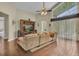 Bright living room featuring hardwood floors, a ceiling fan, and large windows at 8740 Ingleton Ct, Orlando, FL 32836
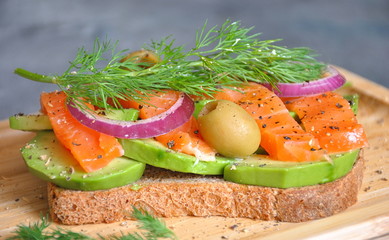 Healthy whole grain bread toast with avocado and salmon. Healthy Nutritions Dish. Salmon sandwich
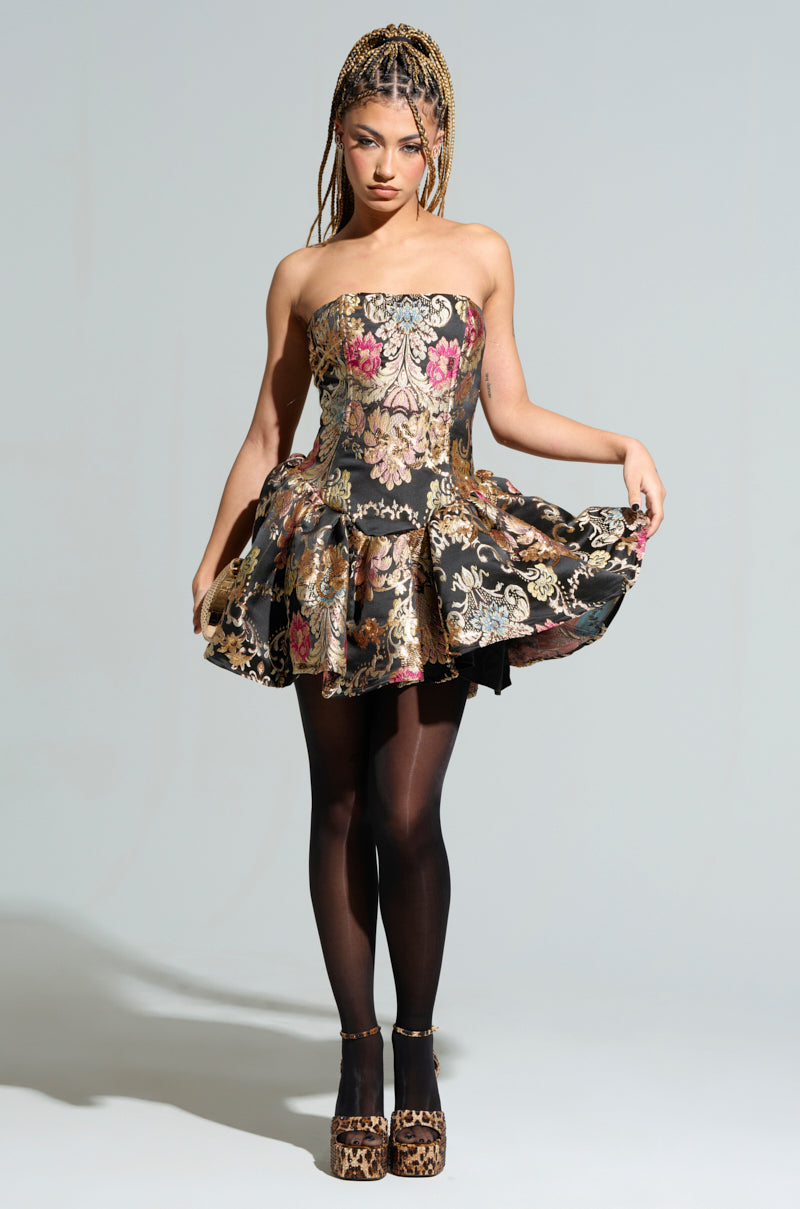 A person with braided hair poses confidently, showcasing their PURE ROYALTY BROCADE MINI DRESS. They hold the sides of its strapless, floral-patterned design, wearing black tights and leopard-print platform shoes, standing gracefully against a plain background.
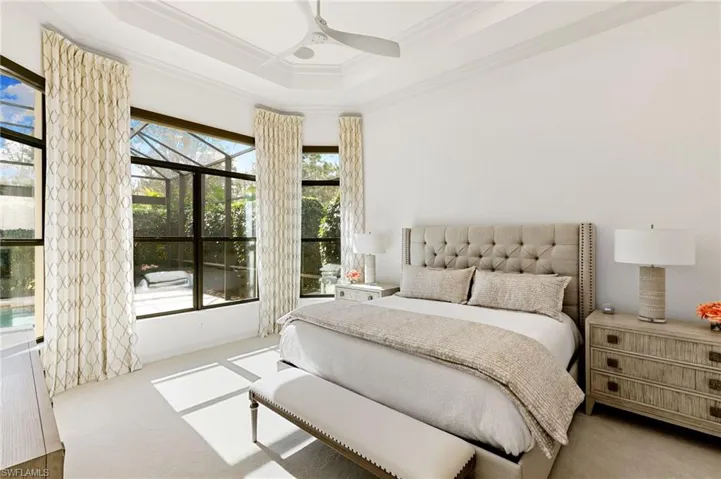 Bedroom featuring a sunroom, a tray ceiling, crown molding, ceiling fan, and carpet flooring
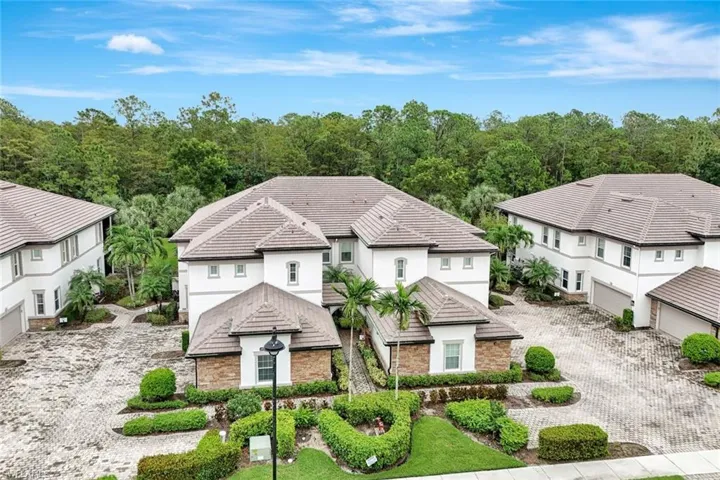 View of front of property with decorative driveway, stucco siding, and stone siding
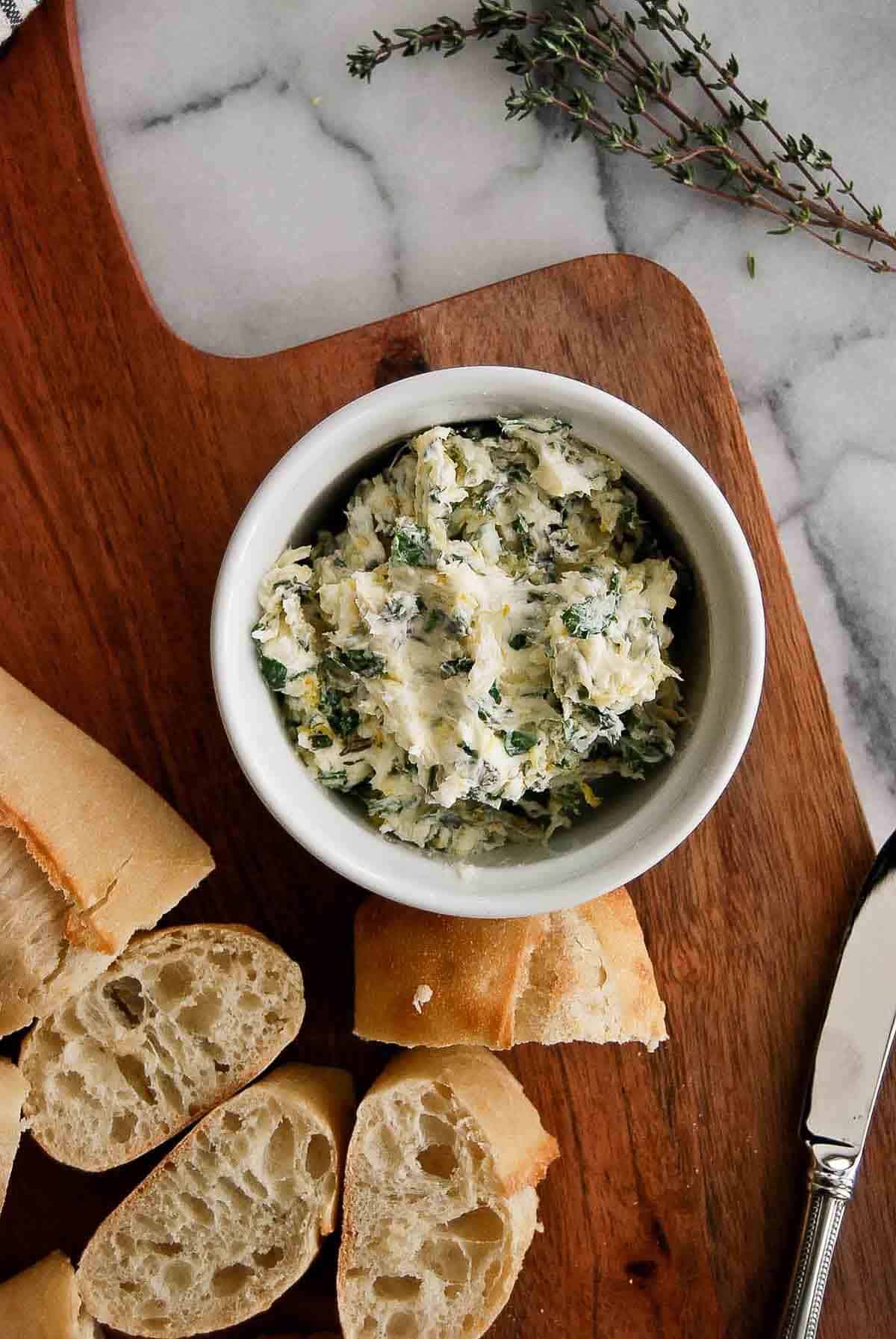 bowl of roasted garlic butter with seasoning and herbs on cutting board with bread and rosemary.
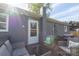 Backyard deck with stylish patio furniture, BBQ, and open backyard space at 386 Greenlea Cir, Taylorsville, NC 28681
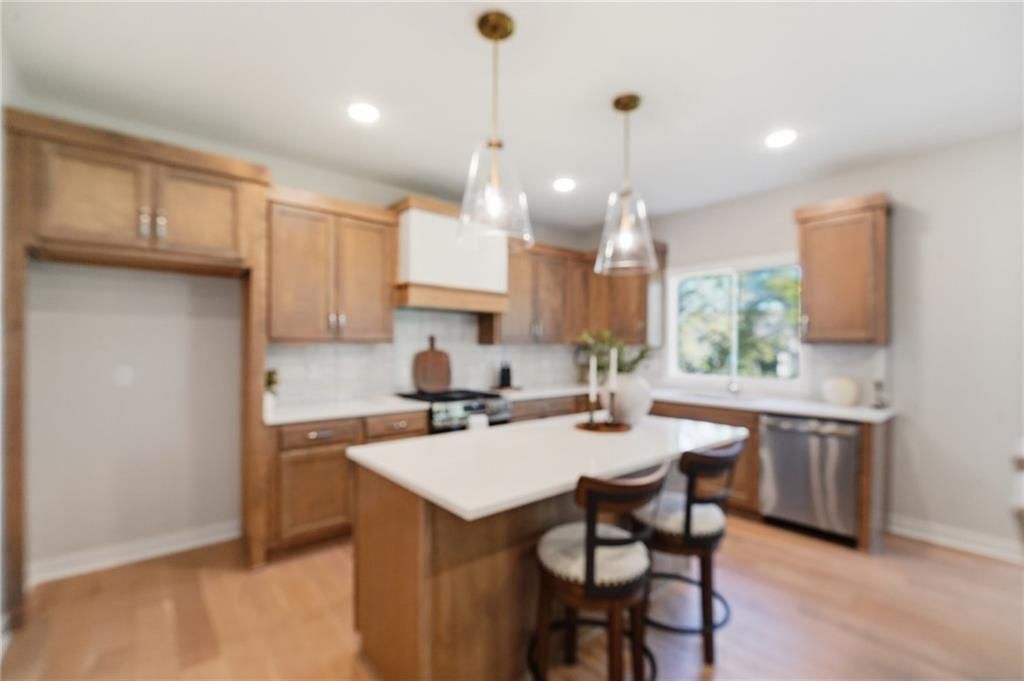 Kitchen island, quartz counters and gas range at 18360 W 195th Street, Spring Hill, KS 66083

+ + +

REQUIREMENT:
Return nothing except the lines from the one containing "A person with" through the final line of the data, copied exactly. Leave out all pictures.

OUTPUT OF THE EXERCISE:
 A person with braided hair poses confidently, showcasing their PURE ROYALTY BROCADE MINI DRESS. They hold the sides of its strapless, floral-patterned design, wearing black tights and leopard-print platform shoes, standing gracefully against a plain background.
 Bedroom featuring a sunroom, a tray ceiling, crown molding, ceiling fan, and carpet flooring
 View of front of property with decorative driveway, stucco siding, and stone siding
 bowl of roasted garlic butter with seasoning and herbs on cutting board with bread and rosemary.
 Backyard deck with stylish patio furniture, BBQ, and open backyard space at 386 Greenlea Cir, Taylorsville, NC 28681
 Kitchen island, quartz counters and gas range at 18360 W 195th Street, Spring Hill, KS 66083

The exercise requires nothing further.